## What you have to do
The records that follow must be repeated exactly, line by line.

## Data extracts
———
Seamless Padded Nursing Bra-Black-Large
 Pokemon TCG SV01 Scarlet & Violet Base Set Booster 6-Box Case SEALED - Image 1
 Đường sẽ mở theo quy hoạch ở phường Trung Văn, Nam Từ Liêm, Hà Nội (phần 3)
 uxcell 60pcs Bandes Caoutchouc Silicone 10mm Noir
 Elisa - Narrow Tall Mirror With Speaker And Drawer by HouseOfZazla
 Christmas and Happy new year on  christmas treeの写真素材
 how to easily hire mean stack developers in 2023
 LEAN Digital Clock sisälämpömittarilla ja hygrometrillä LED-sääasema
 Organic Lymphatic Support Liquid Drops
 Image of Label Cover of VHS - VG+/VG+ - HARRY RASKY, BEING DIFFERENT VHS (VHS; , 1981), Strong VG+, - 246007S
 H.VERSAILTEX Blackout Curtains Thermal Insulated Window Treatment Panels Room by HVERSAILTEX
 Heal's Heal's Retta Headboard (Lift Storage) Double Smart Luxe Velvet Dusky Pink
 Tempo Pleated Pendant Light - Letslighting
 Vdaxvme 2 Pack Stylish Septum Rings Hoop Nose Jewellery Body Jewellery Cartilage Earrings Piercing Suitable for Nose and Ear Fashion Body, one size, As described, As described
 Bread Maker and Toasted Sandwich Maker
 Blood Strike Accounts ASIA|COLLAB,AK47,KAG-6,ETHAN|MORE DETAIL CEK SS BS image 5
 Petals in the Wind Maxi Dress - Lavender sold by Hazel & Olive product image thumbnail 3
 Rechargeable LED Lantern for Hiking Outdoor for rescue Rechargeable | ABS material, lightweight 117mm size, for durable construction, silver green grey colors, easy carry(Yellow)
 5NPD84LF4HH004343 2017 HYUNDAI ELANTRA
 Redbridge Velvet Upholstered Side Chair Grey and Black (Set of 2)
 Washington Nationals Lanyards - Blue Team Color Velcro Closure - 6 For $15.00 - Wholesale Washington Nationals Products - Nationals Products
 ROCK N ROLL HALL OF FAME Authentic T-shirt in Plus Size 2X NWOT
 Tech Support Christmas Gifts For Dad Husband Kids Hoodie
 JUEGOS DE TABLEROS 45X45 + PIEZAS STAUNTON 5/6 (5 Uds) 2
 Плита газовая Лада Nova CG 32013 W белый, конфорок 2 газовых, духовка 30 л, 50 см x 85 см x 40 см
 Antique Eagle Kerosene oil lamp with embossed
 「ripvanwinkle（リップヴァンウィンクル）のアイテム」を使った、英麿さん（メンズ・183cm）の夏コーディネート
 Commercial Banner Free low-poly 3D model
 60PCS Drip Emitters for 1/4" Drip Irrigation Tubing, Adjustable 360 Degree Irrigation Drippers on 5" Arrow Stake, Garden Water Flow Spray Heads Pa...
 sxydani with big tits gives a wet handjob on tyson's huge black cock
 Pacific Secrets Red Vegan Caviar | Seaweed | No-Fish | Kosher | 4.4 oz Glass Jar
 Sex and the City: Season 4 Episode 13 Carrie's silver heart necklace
———
## Answer section
Seamless Padded Nursing Bra-Black-Large
 Pokemon TCG SV01 Scarlet & Violet Base Set Booster 6-Box Case SEALED - Image 1
 Đường sẽ mở theo quy hoạch ở phường Trung Văn, Nam Từ Liêm, Hà Nội (phần 3)
 uxcell 60pcs Bandes Caoutchouc Silicone 10mm Noir
 Elisa - Narrow Tall Mirror With Speaker And Drawer by HouseOfZazla
 Christmas and Happy new year on  christmas treeの写真素材
 how to easily hire mean stack developers in 2023
 LEAN Digital Clock sisälämpömittarilla ja hygrometrillä LED-sääasema
 Organic Lymphatic Support Liquid Drops
 Image of Label Cover of VHS - VG+/VG+ - HARRY RASKY, BEING DIFFERENT VHS (VHS; , 1981), Strong VG+, - 246007S
 H.VERSAILTEX Blackout Curtains Thermal Insulated Window Treatment Panels Room by HVERSAILTEX
 Heal's Heal's Retta Headboard (Lift Storage) Double Smart Luxe Velvet Dusky Pink
 Tempo Pleated Pendant Light - Letslighting
 Vdaxvme 2 Pack Stylish Septum Rings Hoop Nose Jewellery Body Jewellery Cartilage Earrings Piercing Suitable for Nose and Ear Fashion Body, one size, As described, As described
 Bread Maker and Toasted Sandwich Maker
 Blood Strike Accounts ASIA|COLLAB,AK47,KAG-6,ETHAN|MORE DETAIL CEK SS BS image 5
 Petals in the Wind Maxi Dress - Lavender sold by Hazel & Olive product image thumbnail 3
 Rechargeable LED Lantern for Hiking Outdoor for rescue Rechargeable | ABS material, lightweight 117mm size, for durable construction, silver green grey colors, easy carry(Yellow)
 5NPD84LF4HH004343 2017 HYUNDAI ELANTRA
 Redbridge Velvet Upholstered Side Chair Grey and Black (Set of 2)
 Washington Nationals Lanyards - Blue Team Color Velcro Closure - 6 For $15.00 - Wholesale Washington Nationals Products - Nationals Products
 ROCK N ROLL HALL OF FAME Authentic T-shirt in Plus Size 2X NWOT
 Tech Support Christmas Gifts For Dad Husband Kids Hoodie
 JUEGOS DE TABLEROS 45X45 + PIEZAS STAUNTON 5/6 (5 Uds) 2
 Плита газовая Лада Nova CG 32013 W белый, конфорок 2 газовых, духовка 30 л, 50 см x 85 см x 40 см
 Antique Eagle Kerosene oil lamp with embossed
 「ripvanwinkle（リップヴァンウィンクル）のアイテム」を使った、英麿さん（メンズ・183cm）の夏コーディネート
 Commercial Banner Free low-poly 3D model
 60PCS Drip Emitters for 1/4" Drip Irrigation Tubing, Adjustable 360 Degree Irrigation Drippers on 5" Arrow Stake, Garden Water Flow Spray Heads Pa...
 sxydani with big tits gives a wet handjob on tyson's huge black cock
 Pacific Secrets Red Vegan Caviar | Seaweed | No-Fish | Kosher | 4.4 oz Glass Jar
 Sex and the City: Season 4 Episode 13 Carrie's silver heart necklace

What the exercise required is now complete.